**Entries provided**

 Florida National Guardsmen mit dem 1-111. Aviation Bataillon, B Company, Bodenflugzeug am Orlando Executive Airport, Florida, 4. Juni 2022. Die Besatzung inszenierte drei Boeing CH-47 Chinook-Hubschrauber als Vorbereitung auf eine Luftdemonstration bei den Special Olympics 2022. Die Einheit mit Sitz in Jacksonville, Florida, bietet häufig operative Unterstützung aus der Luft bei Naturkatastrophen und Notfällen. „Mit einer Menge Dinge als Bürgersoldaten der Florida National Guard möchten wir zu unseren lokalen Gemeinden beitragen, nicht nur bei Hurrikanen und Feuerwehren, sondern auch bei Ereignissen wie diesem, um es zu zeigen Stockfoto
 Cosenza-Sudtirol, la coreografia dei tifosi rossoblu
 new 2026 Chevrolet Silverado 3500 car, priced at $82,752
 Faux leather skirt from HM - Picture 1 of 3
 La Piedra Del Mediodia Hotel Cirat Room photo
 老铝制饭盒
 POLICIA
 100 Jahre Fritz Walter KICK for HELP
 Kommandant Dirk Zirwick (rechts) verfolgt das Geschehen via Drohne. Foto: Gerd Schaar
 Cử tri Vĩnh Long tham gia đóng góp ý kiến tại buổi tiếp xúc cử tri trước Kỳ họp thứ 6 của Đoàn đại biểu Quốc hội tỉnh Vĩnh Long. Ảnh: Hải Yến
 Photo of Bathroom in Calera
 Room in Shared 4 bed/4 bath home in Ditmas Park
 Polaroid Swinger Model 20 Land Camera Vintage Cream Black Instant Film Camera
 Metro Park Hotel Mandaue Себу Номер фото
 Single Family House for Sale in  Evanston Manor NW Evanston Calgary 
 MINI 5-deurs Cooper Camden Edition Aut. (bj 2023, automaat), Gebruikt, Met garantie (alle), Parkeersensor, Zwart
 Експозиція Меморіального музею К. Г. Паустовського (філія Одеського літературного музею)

**About this task**
Every line that contains the string "Hotel" should be returned from the data.

**Output for this task**
 La Piedra Del Mediodia Hotel Cirat Room photo
 Metro Park Hotel Mandaue Себу Номер фото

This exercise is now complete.